Except one clanship lifting from a crowded tarmac, which ended a bit differently. It not only had a tachyon in its primary trap for use by the reactionless Normal Space drive, but it also apparently had a single warrior on the command deck. That was the surmise for what happened anyway. A pilot alone, anticipating the need to operate a weapons console when he met the enemy above, activated the autopilot for liftoff at maximum Normal Space thrust in atmosphere, surely intending to operate a weapons console and to change course to attack the enemy that had just arrived in orbit.

A passing slug, fired just as the clanship lifted above the rim of the nearby dome, left it locked with a high Norman Space drive thrust and on autopilot, when the ability to change settings was suddenly denied. The last they heard from that pilot was a Doppler shifted radio call a half day later as the clanship, at an appreciable fraction of the velocity of light, was passing the edge of the local Kuiper belt, still accelerating. It already had the velocity to escape the Milky Way. A Krall had finally gone exploring.

At smaller domes, which received only a few single ships or a four-ship, there were a few launches of clanships by warriors of finger clans, and which actually achieved orbit. Not understanding what was happening they attacked the enemy, and fell victims to Denial chips in anti-ship missiles, which had greater speed and maneuverability than should have been possible.

Mirikami and Noreen left behind boarders of their own to take control of the two ships they had disabled. They had work yet to do observing the planet. “The ships that sent boarders will stay in orbit to watch for and intercept possible inbound traffic from outside the system. As soon as any captured Krall has been Mind Tapped, we should be able to learn which domes hold the clan leaders. Now the hard task will be to power down the domes, locate isolated operational clanships, and find out where Telour is located. I want him in particular.”

This had been proceeding far better than he’d expected. The Krall had no planned rejoinder for clanships and major weapons being shut down like this. It had been twenty-two thousand years since the Olt’kitapi had tried and failed in this same tactic.
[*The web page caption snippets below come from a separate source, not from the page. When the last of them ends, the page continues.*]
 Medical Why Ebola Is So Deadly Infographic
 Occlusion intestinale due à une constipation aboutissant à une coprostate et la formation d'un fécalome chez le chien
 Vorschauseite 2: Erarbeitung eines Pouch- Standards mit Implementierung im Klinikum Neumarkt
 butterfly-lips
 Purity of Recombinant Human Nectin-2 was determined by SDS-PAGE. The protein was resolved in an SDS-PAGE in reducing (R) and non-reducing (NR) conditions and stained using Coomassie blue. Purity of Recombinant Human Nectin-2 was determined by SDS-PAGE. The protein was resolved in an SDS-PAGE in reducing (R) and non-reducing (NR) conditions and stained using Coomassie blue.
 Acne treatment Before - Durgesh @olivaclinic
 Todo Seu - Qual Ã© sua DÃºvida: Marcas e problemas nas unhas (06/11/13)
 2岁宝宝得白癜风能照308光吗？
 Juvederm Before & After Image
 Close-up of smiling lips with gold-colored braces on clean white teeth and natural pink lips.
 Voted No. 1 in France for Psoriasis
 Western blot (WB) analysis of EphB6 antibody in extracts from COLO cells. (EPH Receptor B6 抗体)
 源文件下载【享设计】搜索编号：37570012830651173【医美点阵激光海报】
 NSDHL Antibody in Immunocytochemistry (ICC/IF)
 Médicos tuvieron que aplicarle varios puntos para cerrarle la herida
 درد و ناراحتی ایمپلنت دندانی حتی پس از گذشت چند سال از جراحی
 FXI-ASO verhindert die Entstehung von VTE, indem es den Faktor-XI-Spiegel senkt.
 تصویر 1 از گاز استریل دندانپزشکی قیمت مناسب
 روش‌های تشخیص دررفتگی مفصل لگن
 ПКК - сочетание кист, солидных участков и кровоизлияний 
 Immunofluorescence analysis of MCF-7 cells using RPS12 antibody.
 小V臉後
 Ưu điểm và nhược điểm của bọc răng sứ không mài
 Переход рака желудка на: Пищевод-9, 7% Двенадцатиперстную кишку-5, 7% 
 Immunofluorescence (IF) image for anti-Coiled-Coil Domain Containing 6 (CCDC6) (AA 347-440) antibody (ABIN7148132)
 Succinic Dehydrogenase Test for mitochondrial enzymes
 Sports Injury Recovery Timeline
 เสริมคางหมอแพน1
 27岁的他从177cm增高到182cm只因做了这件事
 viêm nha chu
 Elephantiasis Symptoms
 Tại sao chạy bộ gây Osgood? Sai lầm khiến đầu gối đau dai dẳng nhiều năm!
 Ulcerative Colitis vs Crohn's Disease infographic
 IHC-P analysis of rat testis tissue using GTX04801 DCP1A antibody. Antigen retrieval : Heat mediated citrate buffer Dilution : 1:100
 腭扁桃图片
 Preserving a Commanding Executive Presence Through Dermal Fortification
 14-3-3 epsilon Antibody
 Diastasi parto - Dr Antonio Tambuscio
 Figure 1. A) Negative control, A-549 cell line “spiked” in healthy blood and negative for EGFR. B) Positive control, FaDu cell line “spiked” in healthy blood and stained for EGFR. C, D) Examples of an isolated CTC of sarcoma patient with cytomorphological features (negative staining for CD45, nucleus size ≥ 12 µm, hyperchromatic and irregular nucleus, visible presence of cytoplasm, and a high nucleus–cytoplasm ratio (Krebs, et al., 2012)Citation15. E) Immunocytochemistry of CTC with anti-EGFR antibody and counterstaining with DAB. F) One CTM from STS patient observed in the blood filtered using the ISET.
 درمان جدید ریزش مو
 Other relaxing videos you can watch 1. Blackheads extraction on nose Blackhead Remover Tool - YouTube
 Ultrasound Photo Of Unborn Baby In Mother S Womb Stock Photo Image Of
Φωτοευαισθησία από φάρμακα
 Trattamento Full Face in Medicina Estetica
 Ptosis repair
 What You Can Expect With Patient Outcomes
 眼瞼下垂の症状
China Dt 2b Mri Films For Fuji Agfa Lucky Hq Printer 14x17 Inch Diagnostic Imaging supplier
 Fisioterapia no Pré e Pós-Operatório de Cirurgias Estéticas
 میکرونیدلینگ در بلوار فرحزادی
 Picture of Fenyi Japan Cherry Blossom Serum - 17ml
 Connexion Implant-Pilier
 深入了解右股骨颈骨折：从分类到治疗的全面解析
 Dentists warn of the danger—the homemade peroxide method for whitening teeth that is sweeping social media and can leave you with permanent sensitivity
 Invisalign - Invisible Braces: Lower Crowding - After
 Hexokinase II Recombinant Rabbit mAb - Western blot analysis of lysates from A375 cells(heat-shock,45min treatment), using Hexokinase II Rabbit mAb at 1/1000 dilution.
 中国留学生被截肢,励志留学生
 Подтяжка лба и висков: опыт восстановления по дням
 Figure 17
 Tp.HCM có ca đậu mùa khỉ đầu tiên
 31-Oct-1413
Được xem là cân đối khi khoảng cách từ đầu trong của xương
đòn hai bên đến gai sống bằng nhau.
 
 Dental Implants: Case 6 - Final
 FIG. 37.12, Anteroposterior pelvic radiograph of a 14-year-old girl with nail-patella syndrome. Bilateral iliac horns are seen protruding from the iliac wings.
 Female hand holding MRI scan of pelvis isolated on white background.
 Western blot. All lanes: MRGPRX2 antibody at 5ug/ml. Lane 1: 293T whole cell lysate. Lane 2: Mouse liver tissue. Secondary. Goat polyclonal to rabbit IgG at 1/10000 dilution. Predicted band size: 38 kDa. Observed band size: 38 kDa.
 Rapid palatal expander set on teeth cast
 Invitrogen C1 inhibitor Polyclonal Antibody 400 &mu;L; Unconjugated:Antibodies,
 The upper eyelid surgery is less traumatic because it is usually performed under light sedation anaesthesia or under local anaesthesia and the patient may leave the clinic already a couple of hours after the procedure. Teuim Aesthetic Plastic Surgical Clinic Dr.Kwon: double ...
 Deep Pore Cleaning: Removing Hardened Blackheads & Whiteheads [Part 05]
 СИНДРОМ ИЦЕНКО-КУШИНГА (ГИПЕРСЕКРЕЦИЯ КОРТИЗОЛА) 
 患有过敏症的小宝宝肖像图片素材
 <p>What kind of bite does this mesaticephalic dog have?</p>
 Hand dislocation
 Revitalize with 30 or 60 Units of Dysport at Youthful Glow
Clearly, the failure of that ancient race had been in a lack of aggression by the near-pacifists, unable or afraid to get in close to their enemy, and a reliance on the natural spread of the “virus” by simple proximity between clanships and weapons once “infected.” The Kobani were hardly timid, cautious, or patient, once they had a technology that if applied fast and up close, essentially neutralized the enemy assets, and made them theirs.

The clanship boarding taking place in orbit was ironic to Mirikami. They were making the craft defenseless and unable to flee, which was a complete reversal of fortune for the Krall. They had used similar tactics for thousands of years, when they first encountered a new species they wanted to conquer. Initially, they disabled the Jump capability of a new race’s ships, and sent in young novices to kill the occupants if they resisted. They then extracted information about the enemy from the captives.

He was certain every warrior would resist violently, and the Kobani would only capture injured sub leaders for Mind Taps. Payback in kind.

 

 

****

 

 

Phordot had been bored with sentry duty for days. She wanted to be at New Dublin. Either fighting the newly aggressive PU navy cruisers, infiltrating the planetary defenses to deliver more supplies, or for her greatest desire, to be there to participate in a ground offensive being planned against the human forces. Because of the distraction of recent events at Telda Ka, that invasion force had gone without the supply support they needed, to force the enemy to retreat fast enough that the clans there could overrun a nearby large nesting area before it could be fully evacuated. There would be many kills per warrior when that happened, and good fighting before that to beat back a desperate enemy.

With the supplies she’d recently helped deliver, that fresh surge was sure to happen soon. Another hand of a hand of clanships had departed for New Dublin just as she had returned here. Expecting to load more supplies and return promptly, she was disappointed when told her status points were less than the level set by her clan leader for warriors to engage in the upcoming ground fighting. As a member of Mordo clan, and Gatlek Pendor of her clan being in charge of that invasion, she’d assumed even a lower level Mordo warrior would be allowed to participate.

That’s when she made a miscalculation, and complained. “I have served the Gatlek and the clan better than those that have remained on Telda Ka, who merely point to what I should carry to the battle, and then I have to fight my way down to the planet.”

The sub leader she was addressing was one of those who “merely points,” and he was not going to New Dublin either. He could have sent her back with a load of mini-tanks, where she might have talked her way into a combat situation as the clanship was being unloaded. Instead, he found a duty for her that he said suited her present skills and status.

“The sentry clanship posted above the northern pole will be departing to join Gatlek Pendor’s forces soon. You will go to relieve him. He has a surplus of status points, so perhaps he will pay you if you allow him to depart early.

“The duty will give you the opportunity to display piloting and space combat skills. Something that those of us who merely point seldom can practice. If the human navy returns for an attack, you can show them what you learned.” He snorted his amusement.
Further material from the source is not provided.